I can see two ways to do this.
1) Rules in your network.
You can redirect any traffic destined for 0.0.0.0/0 port TCP/UDP 53, and from customers subscribing to your filtered service, to the opendns server.
2) Rules in your routers
Set the default policy to drop
Rule 1 - LAN port 1-52 TCP/UDP ACCEPT
Rule 2 - LAN port 54-65535 TCP/UDP ACCEPT
Rule 3 - LAN port 53 TCP/UDP destination ip address x.x.x.x ACCEPT
This would effectively drop everything except non-dns traffic and dns traffic destined for the approved ip address.

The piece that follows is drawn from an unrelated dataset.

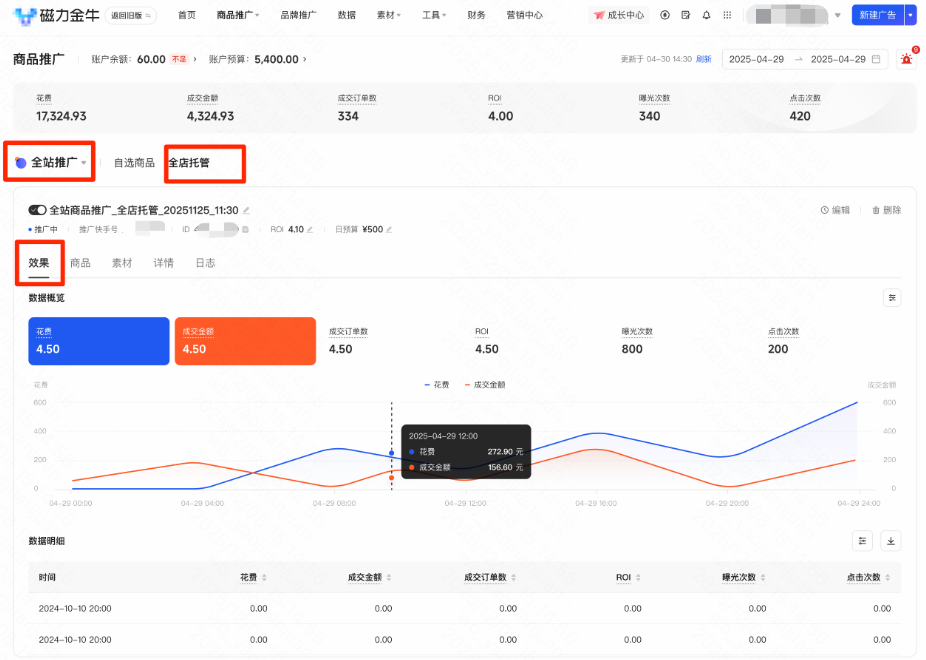 查看快手广告推广计划整体数据概览、趋势图（可分日/分时）、数据明细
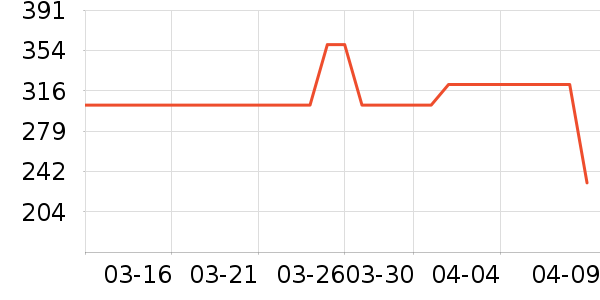 �����ɾ���¶��ʷ�۸�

We use DHCP so with a bit more thinking i reckon we could do it in a way where all dns traffic destined for outside ip addresses is dropped, but still allow the router itself to dns relay to the dns server addresses defined in the DHCP process, because there are two seperate packets there.
1) A packet comes in from the LAN and if addressed to the router it should be allowed, but if addressed to an outside ip address it should be dropped.
2) The dns service inside the router re-creates a totally new packet which with the router being the source, it should be allowed to still talk to an outside dns server since the new packet never came in the lan port.
The router of course will only relay to the dns server set by dhcp.
There are still two issues
1) customers would be able to access the router and change the firewall rules unless you block access, and they cant use another router
2) VPNs can bypass it
You cant really solve the VPNs but i would probably advise not allowing customer access (we dont) or the better way would be doing it in your network rather than at the customer site.